[[ Exercise data open ]]

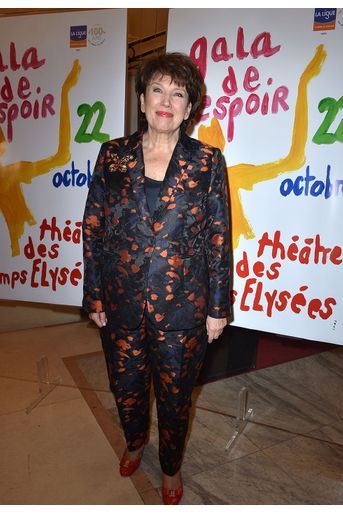 Roselyne Bachelot au Gala de l&#039;Espoir de la Ligue contre le cancer au Théâtre des Champs-Elysées à Paris le 22 octobre 2019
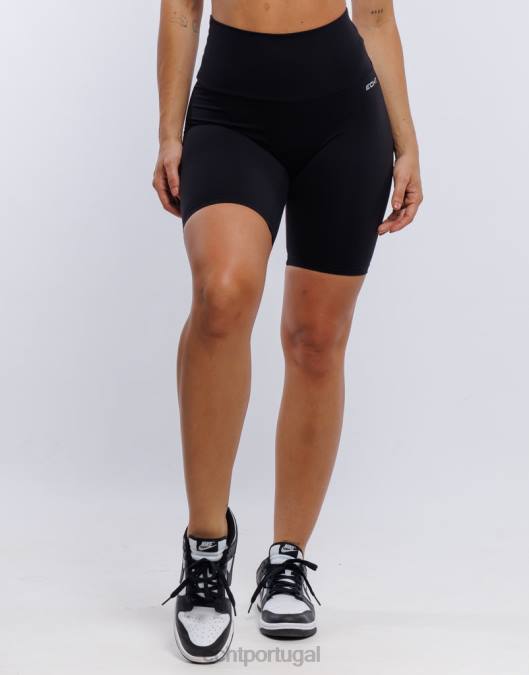 ECHT shorts de ciclismo preto roupas mulheres P22N106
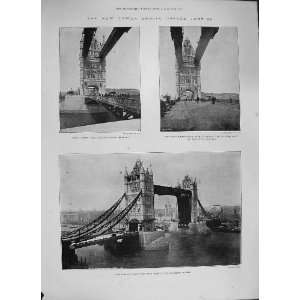    1894 TOWER BRIDGE LONDON BASCULES RIVER THAMES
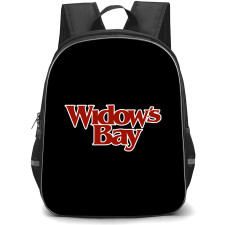 Widows Bay Backpack School Bag StudentPack - Widows Bay Red Text Logo Sticker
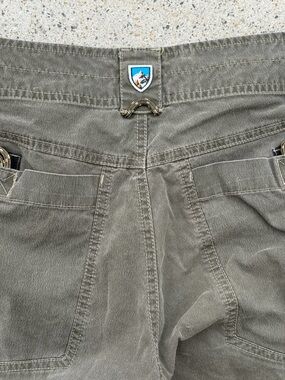 Men's Kuhl Shorts Green Solid 30 Outdoor Climb Lifestyle Hike Light Zip Outdoors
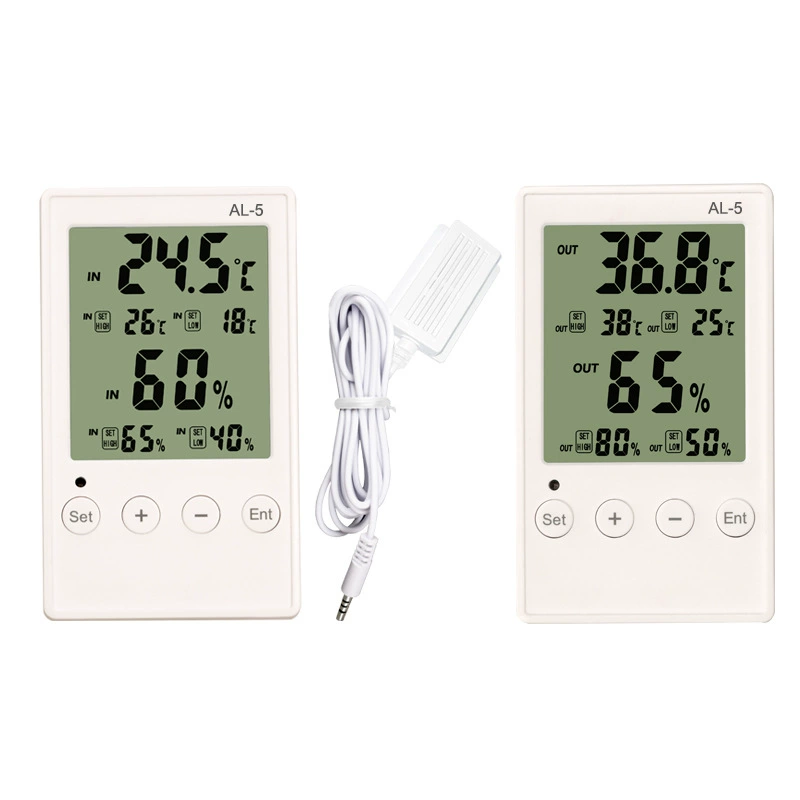 Внутренний и наружный электронный термометр и гигрометр сигнализация термометр-40 ℃ ~ 90 ℃
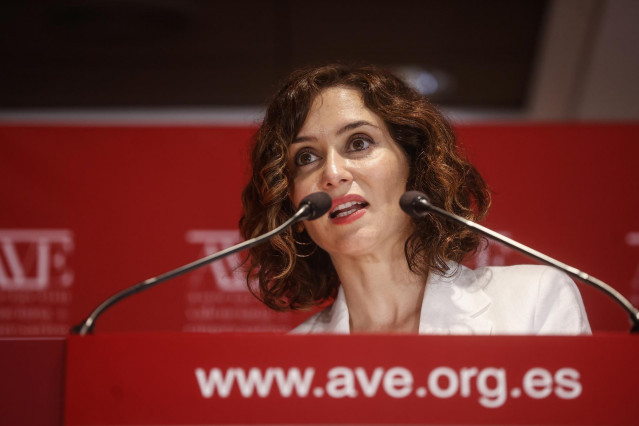 Archivo - La presidenta de la Comunidad de Madrid y presidenta del PP de la Comunidad de Madrid, Isabel Díaz Ayuso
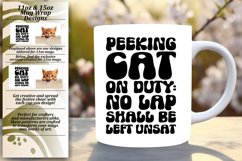 Cheeky Cat Peeking: Sarcastic Mug Wrap Collection Product Image 2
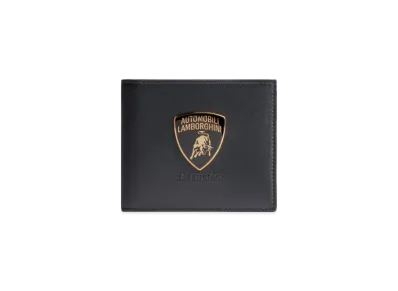 BALENCIAGA Automobili Lamborghini Square Folded Wallet "Black"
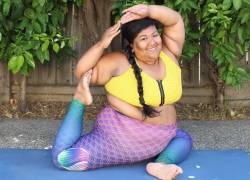 Valerie Sagun: la yogui que rompe el estigma del sobrepeso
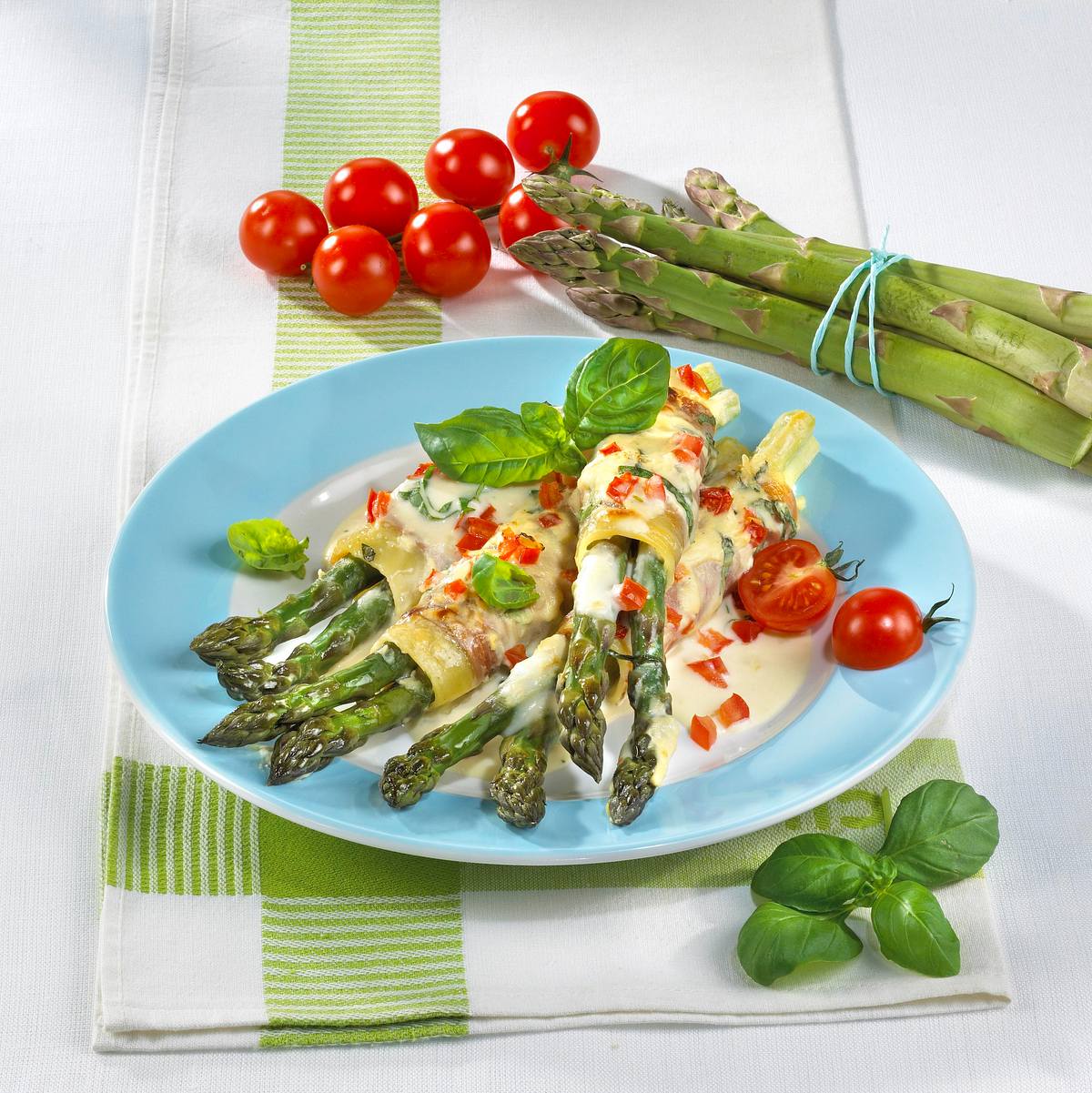 Spargel-Cannelloni mit Ricottasoße Rezept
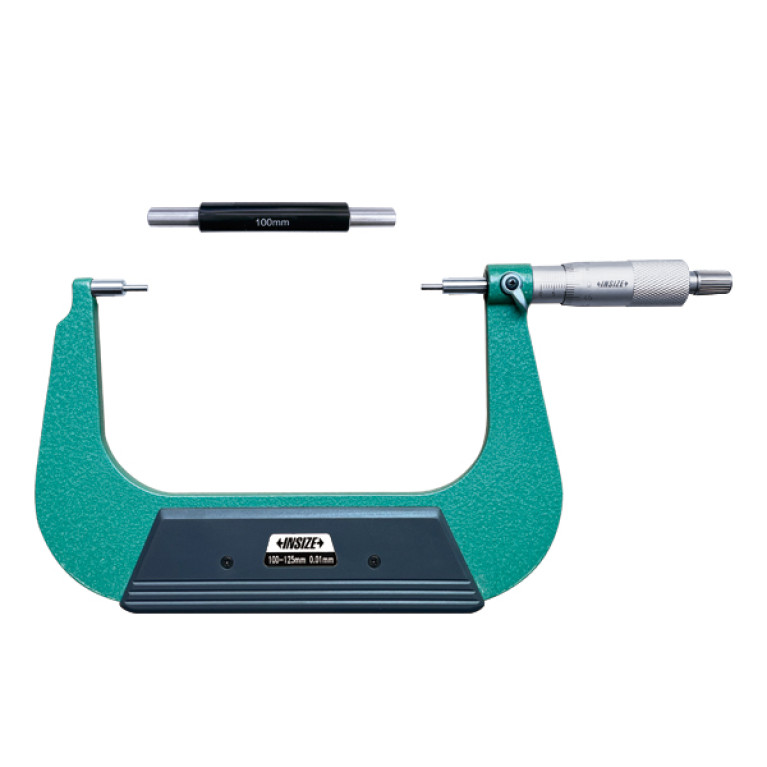 Микрометр со ступенчатыми измерительными поверхностями 100-125мм 0.01мм (3233-125BA) INSIZE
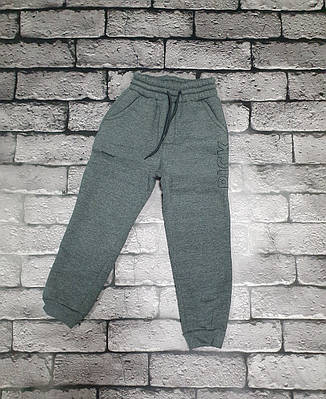 Спортивні штани теплі Poyraz для хлопчика 3-8 років, 110, Темно-сірий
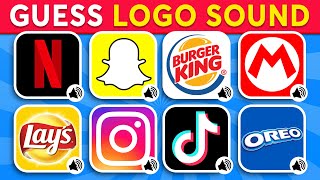 Guess The Logo Sound 🔥🔊 McDonalds Pepsi TikTok Facebook  Logo Quiz 2024 [upl. by Flannery]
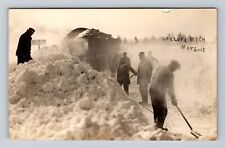 Gaylord MI-Michigan, RPPC, Digging Out Of A Snowstorm, Antique, Vintage Postcard picture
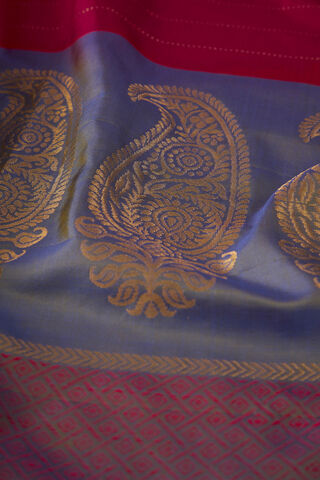 Pink Woven Pure Soft Silk Saree thumbnail image number null
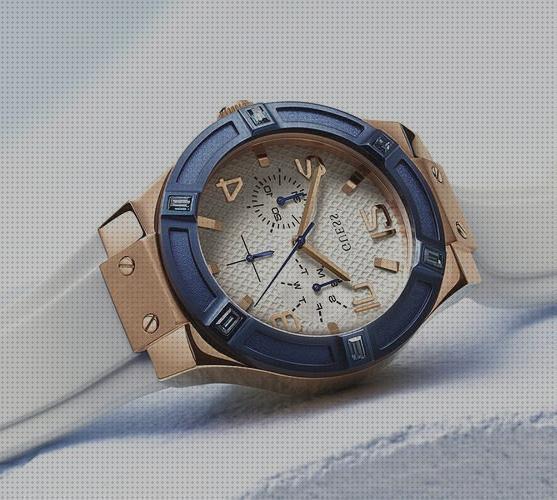 Review de relojes hombre con correa blanca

[[ Exercise data closed ]]

_Aim of the exercise:_ Give the entries above again in full and exactly, but not the pictures.

_Task output:_
 Roselyne Bachelot au Gala de l&#039;Espoir de la Ligue contre le cancer au Théâtre des Champs-Elysées à Paris le 22 octobre 2019
 ECHT shorts de ciclismo preto roupas mulheres P22N106
    1894 TOWER BRIDGE LONDON BASCULES RIVER THAMES
 Widows Bay Backpack School Bag StudentPack - Widows Bay Red Text Logo Sticker
 Men's Kuhl Shorts Green Solid 30 Outdoor Climb Lifestyle Hike Light Zip Outdoors
 Внутренний и наружный электронный термометр и гигрометр сигнализация термометр-40 ℃ ~ 90 ℃
 Archivo - La presidenta de la Comunidad de Madrid y presidenta del PP de la Comunidad de Madrid, Isabel Díaz Ayuso
 Cheeky Cat Peeking: Sarcastic Mug Wrap Collection Product Image 2
 BALENCIAGA Automobili Lamborghini Square Folded Wallet "Black"
 Valerie Sagun: la yogui que rompe el estigma del sobrepeso
 Spargel-Cannelloni mit Ricottasoße Rezept
 Микрометр со ступенчатыми измерительными поверхностями 100-125мм 0.01мм (3233-125BA) INSIZE
 Спортивні штани теплі Poyraz для хлопчика 3-8 років, 110, Темно-сірий
 Guess The Logo Sound 🔥🔊 McDonalds Pepsi TikTok Facebook  Logo Quiz 2024 [upl. by Flannery]
 Gaylord MI-Michigan, RPPC, Digging Out Of A Snowstorm, Antique, Vintage Postcard picture
 Pink Woven Pure Soft Silk Saree thumbnail image number null
 Review de relojes hombre con correa blanca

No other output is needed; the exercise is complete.